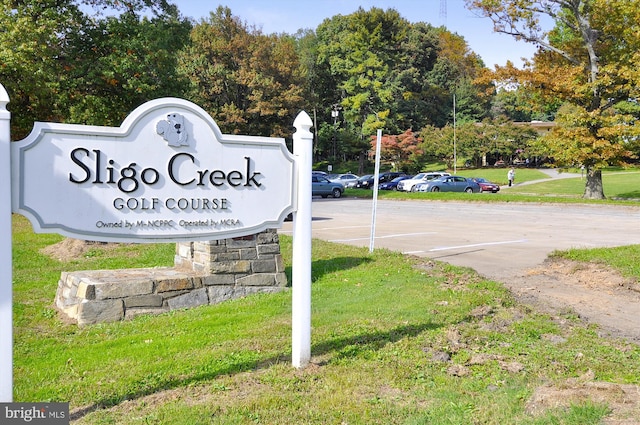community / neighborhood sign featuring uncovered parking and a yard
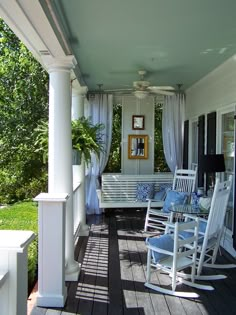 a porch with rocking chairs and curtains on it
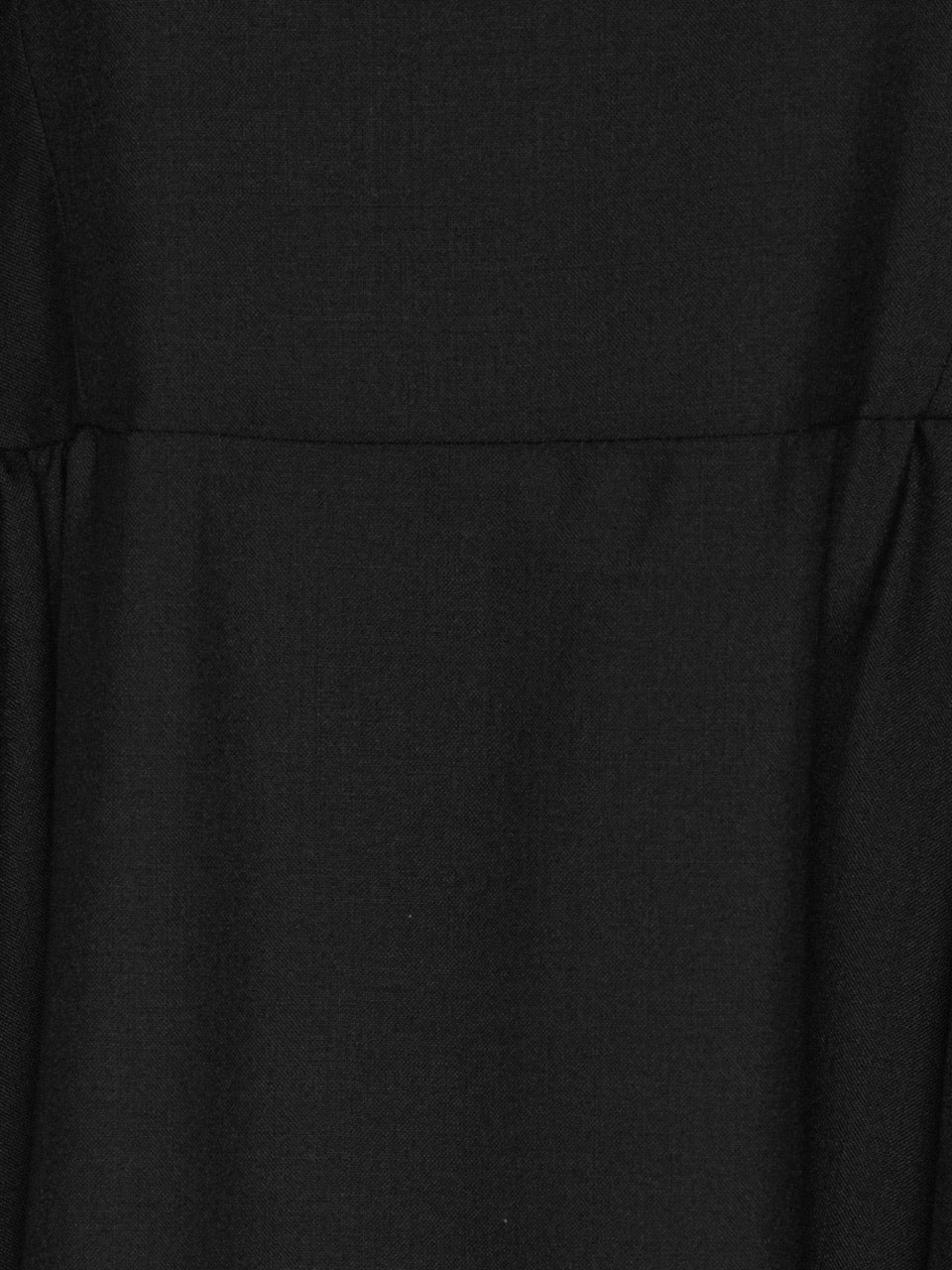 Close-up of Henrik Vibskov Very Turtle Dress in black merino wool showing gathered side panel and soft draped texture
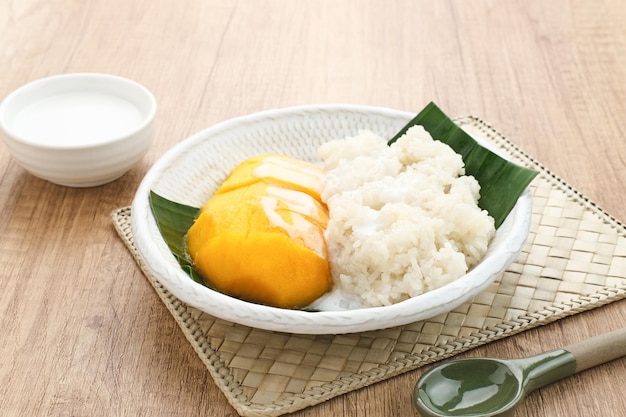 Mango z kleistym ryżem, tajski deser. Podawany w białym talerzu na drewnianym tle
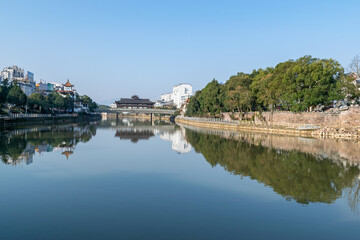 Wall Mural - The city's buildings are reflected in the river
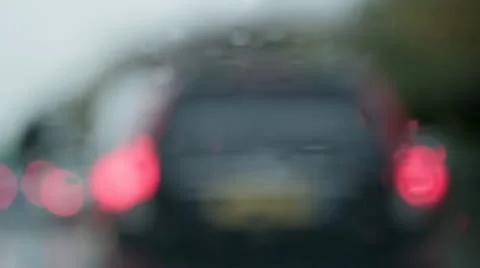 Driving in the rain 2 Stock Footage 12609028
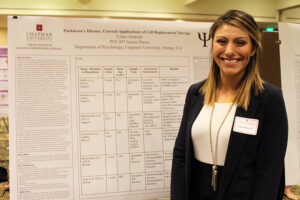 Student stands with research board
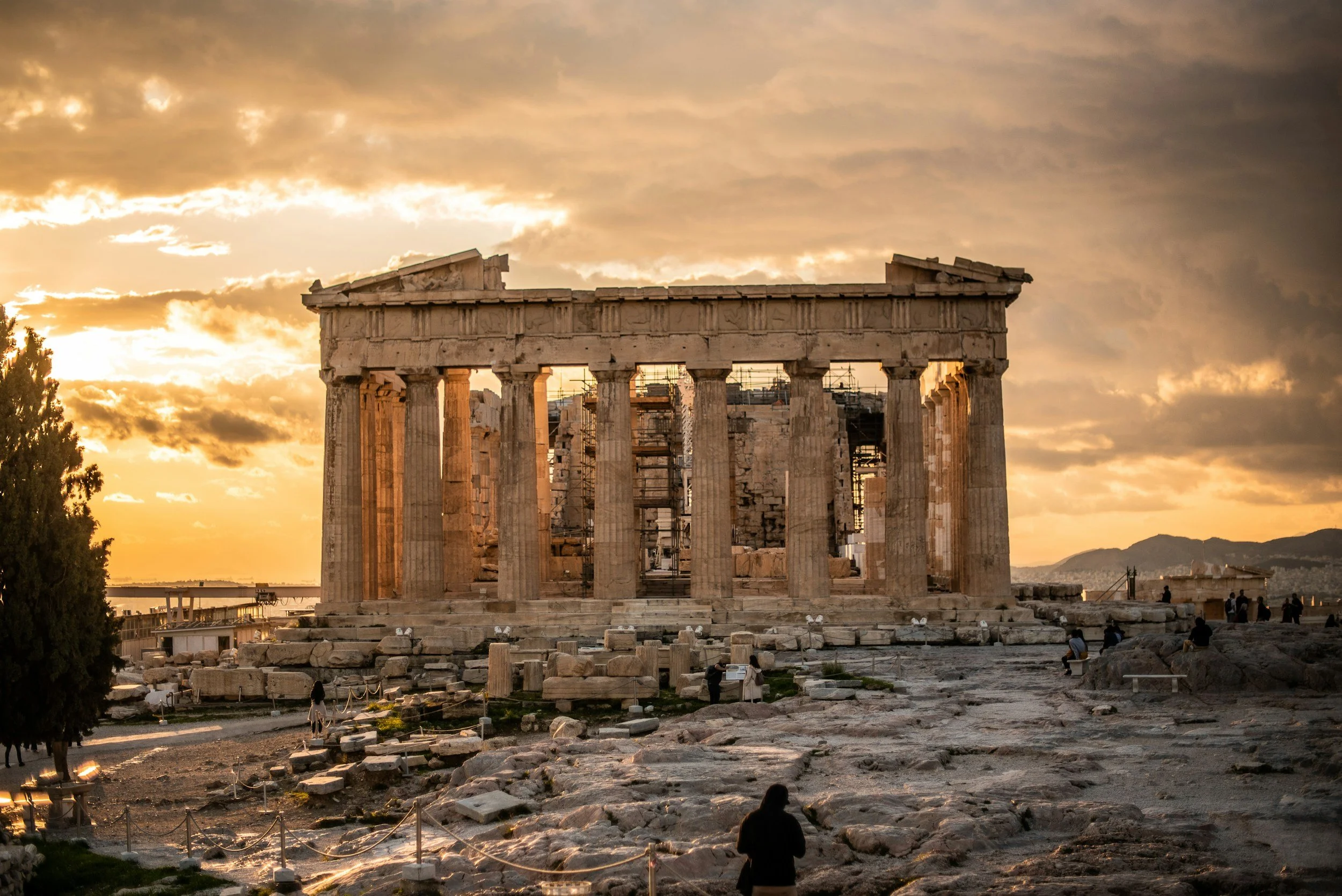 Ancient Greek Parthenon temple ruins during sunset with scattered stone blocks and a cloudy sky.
++++++++++++++++++++
# [What is expected]
Excluding every picture, set down the listing exactly.

# [Task solution]
community / neighborhood sign featuring uncovered parking and a yard
 a porch with rocking chairs and curtains on it
 Close-up of Henrik Vibskov Very Turtle Dress in black merino wool showing gathered side panel and soft draped texture
 Mango z kleistym ryżem, tajski deser. Podawany w białym talerzu na drewnianym tle
 Wall Mural - The city's buildings are reflected in the river
 Driving in the rain 2 Stock Footage 12609028
 Student stands with research board
 Ancient Greek Parthenon temple ruins during sunset with scattered stone blocks and a cloudy sky.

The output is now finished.